We can then use Riemann's condition, my logic being that because $f_n$ is continuous then it also follows that it is integrable? If this is the case then there exists a dissection $D$ of $[a,b]$ s.t:
$U(f_n(D))-L(f_n(D)) < \epsilon(b-a)$
Which are the upper and lower sums of $f_n$ respectively. Now we can prove that $U(f(D))-L(f(D))$ is small too.
Since we know that $f \leq f_N + \epsilon$ it implies that $ \sup \ f[x_{i-1}, x_i] \leq \sup \ f_N[x_{i-1},x_i] + \epsilon$ $$\Rightarrow U(f(D))\leq L(f_n(D)) + \epsilon (b-a)$$ $$\Rightarrow U(f(D))\geq L(f_n(D)) - \epsilon (b-a)$$
Subtracting the two above inequalities results in $$U(f(D))-L(f(D)) < U(f_n(D))-L(f_n(D)) + 2\epsilon (b-a) \leq 3 \epsilon (b-a) $$
$\epsilon$ is arbitrary and therefore by Riemann's condition, $f$ is integrable.

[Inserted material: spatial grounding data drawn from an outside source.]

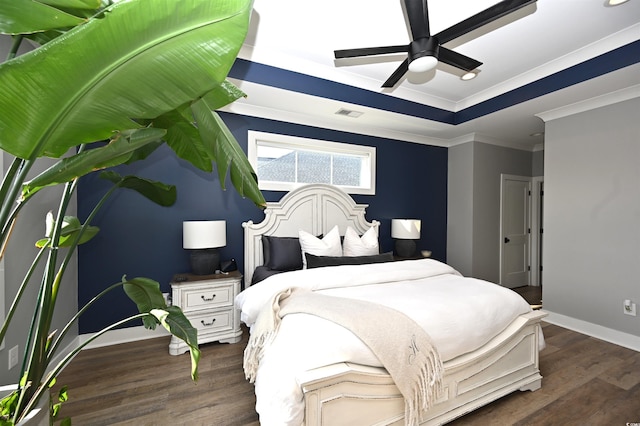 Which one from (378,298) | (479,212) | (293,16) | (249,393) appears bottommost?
(249,393)

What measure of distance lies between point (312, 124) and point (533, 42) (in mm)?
2405

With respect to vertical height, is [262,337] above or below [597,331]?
above

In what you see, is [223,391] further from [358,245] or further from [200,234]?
[358,245]

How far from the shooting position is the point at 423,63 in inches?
74.0

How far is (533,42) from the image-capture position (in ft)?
8.21

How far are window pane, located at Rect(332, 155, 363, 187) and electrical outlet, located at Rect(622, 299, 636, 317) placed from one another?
3.18m

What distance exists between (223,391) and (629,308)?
13.0 feet

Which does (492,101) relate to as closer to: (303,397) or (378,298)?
(378,298)

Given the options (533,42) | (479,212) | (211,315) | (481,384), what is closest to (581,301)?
(479,212)

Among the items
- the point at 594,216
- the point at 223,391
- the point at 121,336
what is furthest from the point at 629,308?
the point at 121,336

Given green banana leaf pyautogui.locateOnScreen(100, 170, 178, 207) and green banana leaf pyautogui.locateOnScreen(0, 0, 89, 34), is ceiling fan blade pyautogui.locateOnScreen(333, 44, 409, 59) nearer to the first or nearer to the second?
green banana leaf pyautogui.locateOnScreen(100, 170, 178, 207)

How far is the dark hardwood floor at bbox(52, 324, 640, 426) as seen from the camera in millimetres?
1761

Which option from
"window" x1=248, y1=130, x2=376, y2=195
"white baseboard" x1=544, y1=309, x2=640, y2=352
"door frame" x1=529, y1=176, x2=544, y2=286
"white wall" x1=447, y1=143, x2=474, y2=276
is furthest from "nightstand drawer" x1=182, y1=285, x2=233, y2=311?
"door frame" x1=529, y1=176, x2=544, y2=286

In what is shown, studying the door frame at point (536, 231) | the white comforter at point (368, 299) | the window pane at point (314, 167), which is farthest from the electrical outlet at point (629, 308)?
the window pane at point (314, 167) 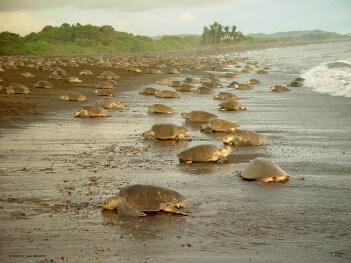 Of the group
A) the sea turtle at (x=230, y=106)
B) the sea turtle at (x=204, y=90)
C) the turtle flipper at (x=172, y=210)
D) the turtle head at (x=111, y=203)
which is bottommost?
the sea turtle at (x=204, y=90)

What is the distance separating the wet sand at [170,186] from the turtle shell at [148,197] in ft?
0.66

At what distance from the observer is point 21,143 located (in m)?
11.9

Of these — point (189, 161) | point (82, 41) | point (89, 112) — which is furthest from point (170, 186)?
point (82, 41)

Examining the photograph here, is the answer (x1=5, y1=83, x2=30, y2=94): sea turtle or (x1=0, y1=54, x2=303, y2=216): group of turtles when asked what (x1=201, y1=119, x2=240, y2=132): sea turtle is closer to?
(x1=0, y1=54, x2=303, y2=216): group of turtles

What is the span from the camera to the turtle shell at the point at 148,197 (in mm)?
7074

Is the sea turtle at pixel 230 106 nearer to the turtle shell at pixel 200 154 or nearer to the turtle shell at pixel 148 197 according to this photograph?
the turtle shell at pixel 200 154

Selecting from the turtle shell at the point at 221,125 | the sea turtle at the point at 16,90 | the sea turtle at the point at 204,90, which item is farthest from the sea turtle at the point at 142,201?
the sea turtle at the point at 204,90

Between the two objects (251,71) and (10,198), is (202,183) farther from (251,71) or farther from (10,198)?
(251,71)

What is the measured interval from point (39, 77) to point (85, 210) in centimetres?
2354

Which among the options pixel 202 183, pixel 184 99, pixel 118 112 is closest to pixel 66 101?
pixel 118 112

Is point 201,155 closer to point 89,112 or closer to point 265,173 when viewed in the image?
point 265,173

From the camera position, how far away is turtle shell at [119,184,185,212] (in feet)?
23.2

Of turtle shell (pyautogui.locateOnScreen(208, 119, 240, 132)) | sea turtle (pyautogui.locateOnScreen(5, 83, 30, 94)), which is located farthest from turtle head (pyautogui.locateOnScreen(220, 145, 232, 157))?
sea turtle (pyautogui.locateOnScreen(5, 83, 30, 94))

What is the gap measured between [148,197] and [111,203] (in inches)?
21.0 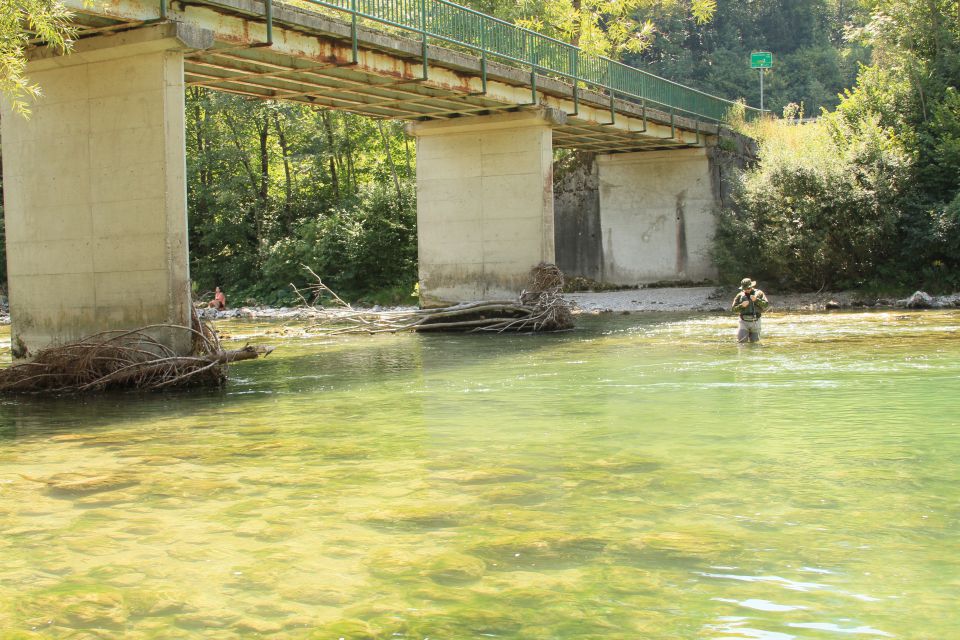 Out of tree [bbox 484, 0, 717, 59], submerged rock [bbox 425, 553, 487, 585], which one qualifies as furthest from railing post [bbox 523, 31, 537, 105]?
submerged rock [bbox 425, 553, 487, 585]

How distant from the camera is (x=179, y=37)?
1456 centimetres

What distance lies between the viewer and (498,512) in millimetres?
6664

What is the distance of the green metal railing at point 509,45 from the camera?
19.2 m

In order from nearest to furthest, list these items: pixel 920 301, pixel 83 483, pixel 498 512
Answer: pixel 498 512 → pixel 83 483 → pixel 920 301

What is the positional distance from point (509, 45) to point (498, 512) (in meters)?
18.7

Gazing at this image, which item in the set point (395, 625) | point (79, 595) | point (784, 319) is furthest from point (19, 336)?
point (784, 319)

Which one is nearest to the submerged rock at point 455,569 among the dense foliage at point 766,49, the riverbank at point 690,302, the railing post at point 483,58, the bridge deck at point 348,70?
the bridge deck at point 348,70

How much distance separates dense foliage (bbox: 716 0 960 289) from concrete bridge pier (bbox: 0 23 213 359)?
64.8 ft

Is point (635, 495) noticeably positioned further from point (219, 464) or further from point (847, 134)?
point (847, 134)

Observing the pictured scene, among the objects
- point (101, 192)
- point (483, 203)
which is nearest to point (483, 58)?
point (483, 203)

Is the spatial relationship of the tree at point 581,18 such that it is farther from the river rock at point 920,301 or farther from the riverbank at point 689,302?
the river rock at point 920,301

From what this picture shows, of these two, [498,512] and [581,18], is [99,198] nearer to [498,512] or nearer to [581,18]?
[498,512]

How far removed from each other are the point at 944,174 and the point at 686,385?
1942 cm

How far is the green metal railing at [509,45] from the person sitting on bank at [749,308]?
7889 mm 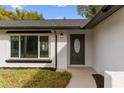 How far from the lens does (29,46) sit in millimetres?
15227

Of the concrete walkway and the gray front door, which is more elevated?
the gray front door

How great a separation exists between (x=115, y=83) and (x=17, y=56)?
41.0 ft

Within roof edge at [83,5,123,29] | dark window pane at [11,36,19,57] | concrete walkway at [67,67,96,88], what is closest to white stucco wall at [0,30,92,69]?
dark window pane at [11,36,19,57]

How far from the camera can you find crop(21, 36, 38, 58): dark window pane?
49.9ft

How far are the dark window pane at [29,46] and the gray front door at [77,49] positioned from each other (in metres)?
2.87

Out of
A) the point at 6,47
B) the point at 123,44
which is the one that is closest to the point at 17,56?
the point at 6,47

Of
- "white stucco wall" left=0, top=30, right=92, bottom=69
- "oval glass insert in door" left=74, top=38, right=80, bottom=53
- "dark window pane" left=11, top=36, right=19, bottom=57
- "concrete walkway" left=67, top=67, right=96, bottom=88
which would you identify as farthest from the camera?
"oval glass insert in door" left=74, top=38, right=80, bottom=53

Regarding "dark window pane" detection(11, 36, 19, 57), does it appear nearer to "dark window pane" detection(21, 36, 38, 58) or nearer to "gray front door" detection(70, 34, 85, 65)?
"dark window pane" detection(21, 36, 38, 58)

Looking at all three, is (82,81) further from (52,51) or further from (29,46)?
(29,46)

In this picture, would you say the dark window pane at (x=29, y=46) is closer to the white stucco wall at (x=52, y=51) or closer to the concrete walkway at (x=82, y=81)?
the white stucco wall at (x=52, y=51)

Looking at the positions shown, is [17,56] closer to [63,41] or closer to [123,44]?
[63,41]

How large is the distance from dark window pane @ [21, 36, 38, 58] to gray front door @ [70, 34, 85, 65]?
2871 millimetres

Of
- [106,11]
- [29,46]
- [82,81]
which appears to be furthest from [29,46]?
[106,11]

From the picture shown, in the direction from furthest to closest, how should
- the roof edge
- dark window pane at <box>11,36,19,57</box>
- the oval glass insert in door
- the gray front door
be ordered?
1. the oval glass insert in door
2. the gray front door
3. dark window pane at <box>11,36,19,57</box>
4. the roof edge
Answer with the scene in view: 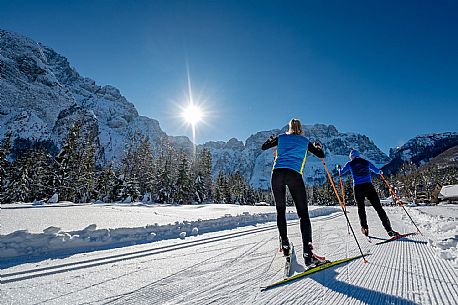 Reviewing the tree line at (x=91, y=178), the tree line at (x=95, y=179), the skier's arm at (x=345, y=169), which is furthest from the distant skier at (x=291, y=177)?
the tree line at (x=95, y=179)

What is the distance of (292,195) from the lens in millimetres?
3025

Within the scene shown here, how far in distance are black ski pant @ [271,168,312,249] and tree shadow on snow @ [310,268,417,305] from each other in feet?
1.83

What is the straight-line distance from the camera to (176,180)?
44.0m

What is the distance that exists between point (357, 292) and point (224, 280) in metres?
1.13

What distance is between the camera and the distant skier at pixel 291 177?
2.97 metres

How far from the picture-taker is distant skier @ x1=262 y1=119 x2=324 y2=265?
2.97 meters

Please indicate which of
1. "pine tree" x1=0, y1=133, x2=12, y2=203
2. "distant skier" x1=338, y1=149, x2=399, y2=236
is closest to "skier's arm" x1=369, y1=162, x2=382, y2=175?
"distant skier" x1=338, y1=149, x2=399, y2=236

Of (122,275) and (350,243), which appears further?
(350,243)

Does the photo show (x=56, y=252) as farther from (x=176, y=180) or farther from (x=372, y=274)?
(x=176, y=180)

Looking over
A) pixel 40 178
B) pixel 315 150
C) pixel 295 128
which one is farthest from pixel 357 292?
pixel 40 178

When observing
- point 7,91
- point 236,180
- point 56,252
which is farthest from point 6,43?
point 56,252

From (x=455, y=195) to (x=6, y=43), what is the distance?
23908 centimetres

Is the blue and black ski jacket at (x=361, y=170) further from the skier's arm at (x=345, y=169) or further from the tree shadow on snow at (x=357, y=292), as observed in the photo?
the tree shadow on snow at (x=357, y=292)

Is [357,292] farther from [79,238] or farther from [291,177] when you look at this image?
[79,238] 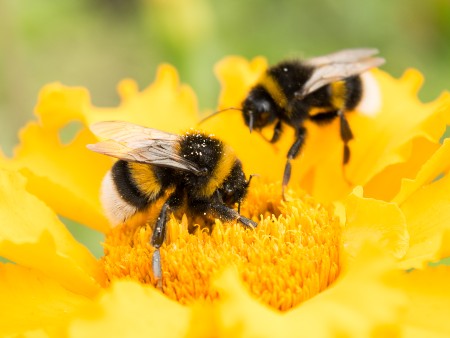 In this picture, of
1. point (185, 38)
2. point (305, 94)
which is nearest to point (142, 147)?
point (305, 94)

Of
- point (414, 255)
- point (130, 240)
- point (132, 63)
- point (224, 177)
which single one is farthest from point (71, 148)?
point (132, 63)

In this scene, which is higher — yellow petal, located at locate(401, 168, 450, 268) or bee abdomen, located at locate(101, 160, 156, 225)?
yellow petal, located at locate(401, 168, 450, 268)

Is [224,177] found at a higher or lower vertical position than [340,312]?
higher

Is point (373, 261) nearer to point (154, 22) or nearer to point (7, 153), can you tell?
point (154, 22)

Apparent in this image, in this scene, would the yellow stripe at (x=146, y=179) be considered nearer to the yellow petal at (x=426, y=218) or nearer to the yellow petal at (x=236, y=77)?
the yellow petal at (x=426, y=218)

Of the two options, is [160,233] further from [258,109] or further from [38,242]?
[258,109]

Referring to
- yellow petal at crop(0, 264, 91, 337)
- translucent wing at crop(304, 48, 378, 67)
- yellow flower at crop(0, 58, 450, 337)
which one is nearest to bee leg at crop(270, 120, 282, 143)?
yellow flower at crop(0, 58, 450, 337)

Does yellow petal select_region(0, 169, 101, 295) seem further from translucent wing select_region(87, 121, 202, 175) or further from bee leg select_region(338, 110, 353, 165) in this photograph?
bee leg select_region(338, 110, 353, 165) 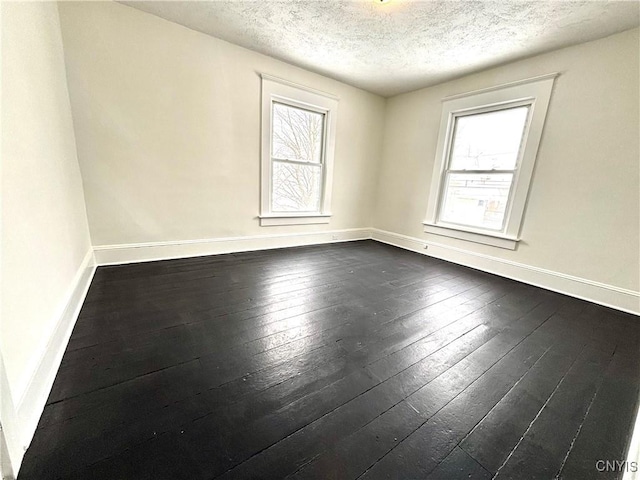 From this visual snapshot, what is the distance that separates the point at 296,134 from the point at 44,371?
350 centimetres

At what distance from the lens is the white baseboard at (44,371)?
3.18 feet

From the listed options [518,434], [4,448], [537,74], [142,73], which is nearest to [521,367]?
[518,434]

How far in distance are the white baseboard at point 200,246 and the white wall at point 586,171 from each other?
244 cm

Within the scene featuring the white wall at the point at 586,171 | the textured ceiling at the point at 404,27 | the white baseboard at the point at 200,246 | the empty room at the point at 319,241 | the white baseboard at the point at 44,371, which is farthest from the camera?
the white baseboard at the point at 200,246

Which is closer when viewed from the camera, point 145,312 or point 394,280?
point 145,312

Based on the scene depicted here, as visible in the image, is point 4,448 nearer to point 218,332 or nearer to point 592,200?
point 218,332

Thus we can close our argument with: $$ \left| \int^b_a f - \int^b_a f_N\right| = \left|\int^b_a (f-f_N) \right| \leq \int^b_a |f-f_N| \leq \epsilon(b-a)$$
$\epsilon$ is arbitrary again so our result follows?
That is the proof I believe it to be but some of my classmates aren't convinced. Any help would be appreciated.